Directions -
Of all the entries below, retype only the lines from the one with "9 Thorn Avenue, Harrington Park NSW 2567" through the one with "Отель Centrooms *", exactly as they appear.

Stored records -
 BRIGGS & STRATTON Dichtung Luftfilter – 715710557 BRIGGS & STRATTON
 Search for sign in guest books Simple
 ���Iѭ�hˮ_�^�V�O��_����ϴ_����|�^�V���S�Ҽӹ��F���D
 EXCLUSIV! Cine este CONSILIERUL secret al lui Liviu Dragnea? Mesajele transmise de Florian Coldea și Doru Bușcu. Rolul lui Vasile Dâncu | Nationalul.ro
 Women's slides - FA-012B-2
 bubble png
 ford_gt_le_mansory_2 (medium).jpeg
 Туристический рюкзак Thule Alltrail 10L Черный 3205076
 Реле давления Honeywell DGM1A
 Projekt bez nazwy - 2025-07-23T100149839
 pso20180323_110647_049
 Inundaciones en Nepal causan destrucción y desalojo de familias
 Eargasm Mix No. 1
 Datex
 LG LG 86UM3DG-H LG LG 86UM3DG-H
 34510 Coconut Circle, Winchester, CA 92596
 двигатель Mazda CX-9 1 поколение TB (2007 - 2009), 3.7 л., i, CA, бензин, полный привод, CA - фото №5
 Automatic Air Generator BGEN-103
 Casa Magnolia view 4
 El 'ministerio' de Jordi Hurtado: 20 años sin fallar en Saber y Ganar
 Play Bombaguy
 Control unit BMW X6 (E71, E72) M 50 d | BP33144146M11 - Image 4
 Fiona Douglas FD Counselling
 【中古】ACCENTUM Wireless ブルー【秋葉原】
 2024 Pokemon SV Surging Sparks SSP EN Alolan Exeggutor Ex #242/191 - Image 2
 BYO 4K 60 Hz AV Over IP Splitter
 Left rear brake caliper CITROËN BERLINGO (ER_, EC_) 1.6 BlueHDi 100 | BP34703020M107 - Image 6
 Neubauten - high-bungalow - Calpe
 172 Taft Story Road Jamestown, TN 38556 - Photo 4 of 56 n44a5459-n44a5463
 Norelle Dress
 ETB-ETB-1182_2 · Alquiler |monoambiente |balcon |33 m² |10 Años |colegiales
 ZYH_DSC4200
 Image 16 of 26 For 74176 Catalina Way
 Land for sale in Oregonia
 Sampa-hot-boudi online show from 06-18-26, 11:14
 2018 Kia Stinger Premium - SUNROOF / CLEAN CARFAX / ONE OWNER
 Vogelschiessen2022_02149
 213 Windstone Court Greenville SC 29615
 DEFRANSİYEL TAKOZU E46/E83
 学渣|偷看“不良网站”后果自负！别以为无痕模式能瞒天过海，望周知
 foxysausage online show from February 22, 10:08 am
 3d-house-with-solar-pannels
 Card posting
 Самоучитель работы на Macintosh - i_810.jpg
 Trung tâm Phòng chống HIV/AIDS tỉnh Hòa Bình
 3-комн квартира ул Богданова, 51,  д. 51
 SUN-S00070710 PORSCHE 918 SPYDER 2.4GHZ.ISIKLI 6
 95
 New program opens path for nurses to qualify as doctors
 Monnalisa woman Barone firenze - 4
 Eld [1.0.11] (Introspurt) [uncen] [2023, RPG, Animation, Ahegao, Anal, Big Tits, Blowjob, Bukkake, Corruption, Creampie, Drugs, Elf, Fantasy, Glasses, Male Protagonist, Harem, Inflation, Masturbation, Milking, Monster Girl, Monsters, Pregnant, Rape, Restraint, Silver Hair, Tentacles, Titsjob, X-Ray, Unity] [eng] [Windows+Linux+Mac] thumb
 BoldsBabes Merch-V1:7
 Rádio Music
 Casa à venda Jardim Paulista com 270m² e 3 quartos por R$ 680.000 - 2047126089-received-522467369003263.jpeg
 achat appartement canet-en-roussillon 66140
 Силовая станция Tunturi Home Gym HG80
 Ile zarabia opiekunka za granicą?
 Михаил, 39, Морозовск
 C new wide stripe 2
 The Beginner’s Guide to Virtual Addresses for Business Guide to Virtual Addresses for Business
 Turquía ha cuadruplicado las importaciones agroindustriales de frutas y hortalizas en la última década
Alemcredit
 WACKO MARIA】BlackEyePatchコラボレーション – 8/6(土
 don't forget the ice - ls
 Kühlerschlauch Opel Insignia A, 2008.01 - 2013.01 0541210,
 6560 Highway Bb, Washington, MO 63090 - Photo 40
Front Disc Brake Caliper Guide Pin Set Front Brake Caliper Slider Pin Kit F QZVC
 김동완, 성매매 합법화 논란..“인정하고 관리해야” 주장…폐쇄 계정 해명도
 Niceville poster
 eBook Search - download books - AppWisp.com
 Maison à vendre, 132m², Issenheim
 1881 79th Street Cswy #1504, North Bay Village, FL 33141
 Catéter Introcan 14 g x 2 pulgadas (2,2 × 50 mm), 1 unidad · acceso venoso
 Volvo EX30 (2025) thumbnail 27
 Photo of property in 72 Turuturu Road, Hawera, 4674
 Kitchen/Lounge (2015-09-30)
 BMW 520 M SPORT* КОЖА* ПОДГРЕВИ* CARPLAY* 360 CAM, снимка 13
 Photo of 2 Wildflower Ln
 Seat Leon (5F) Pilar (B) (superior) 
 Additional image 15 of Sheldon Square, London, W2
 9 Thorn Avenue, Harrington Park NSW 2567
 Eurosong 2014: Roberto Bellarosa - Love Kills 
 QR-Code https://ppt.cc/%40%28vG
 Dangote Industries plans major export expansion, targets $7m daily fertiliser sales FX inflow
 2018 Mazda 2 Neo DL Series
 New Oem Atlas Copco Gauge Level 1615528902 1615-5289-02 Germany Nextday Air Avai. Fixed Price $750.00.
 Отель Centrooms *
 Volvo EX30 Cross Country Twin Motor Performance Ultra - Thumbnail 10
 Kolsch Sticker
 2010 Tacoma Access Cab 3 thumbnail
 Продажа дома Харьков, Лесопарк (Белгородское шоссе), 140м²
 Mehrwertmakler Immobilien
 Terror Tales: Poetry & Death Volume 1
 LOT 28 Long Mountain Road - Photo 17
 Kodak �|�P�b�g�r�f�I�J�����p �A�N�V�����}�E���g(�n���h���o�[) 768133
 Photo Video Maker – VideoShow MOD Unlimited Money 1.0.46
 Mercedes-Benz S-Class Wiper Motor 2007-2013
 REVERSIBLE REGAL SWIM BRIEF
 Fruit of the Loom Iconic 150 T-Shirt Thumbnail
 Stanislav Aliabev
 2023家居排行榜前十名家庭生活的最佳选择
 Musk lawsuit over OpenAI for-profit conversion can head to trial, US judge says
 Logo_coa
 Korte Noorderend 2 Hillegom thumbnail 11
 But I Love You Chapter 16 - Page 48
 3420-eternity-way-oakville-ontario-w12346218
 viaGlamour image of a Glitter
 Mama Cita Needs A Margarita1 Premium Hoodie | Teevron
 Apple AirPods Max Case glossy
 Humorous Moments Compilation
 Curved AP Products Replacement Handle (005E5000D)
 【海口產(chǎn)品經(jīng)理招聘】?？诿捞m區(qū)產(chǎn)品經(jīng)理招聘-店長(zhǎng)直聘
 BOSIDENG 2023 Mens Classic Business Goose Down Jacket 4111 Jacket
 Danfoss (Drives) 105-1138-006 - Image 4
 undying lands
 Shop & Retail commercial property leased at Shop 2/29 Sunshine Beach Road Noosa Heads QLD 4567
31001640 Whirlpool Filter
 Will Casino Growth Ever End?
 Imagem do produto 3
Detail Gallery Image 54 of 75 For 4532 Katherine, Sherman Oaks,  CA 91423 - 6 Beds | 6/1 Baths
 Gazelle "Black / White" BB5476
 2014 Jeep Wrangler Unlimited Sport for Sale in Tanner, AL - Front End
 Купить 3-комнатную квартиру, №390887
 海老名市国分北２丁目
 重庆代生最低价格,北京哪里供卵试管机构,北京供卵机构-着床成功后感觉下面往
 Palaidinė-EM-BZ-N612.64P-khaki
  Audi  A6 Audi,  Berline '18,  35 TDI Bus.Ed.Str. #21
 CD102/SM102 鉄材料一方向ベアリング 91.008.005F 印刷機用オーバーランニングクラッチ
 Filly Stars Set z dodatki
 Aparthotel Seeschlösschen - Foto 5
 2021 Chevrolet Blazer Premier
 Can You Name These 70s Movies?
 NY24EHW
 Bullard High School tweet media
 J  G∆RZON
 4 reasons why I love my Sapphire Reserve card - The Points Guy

Solution to the problem -
 9 Thorn Avenue, Harrington Park NSW 2567
 Eurosong 2014: Roberto Bellarosa - Love Kills 
 QR-Code https://ppt.cc/%40%28vG
 Dangote Industries plans major export expansion, targets $7m daily fertiliser sales FX inflow
 2018 Mazda 2 Neo DL Series
 New Oem Atlas Copco Gauge Level 1615528902 1615-5289-02 Germany Nextday Air Avai. Fixed Price $750.00.
 Отель Centrooms *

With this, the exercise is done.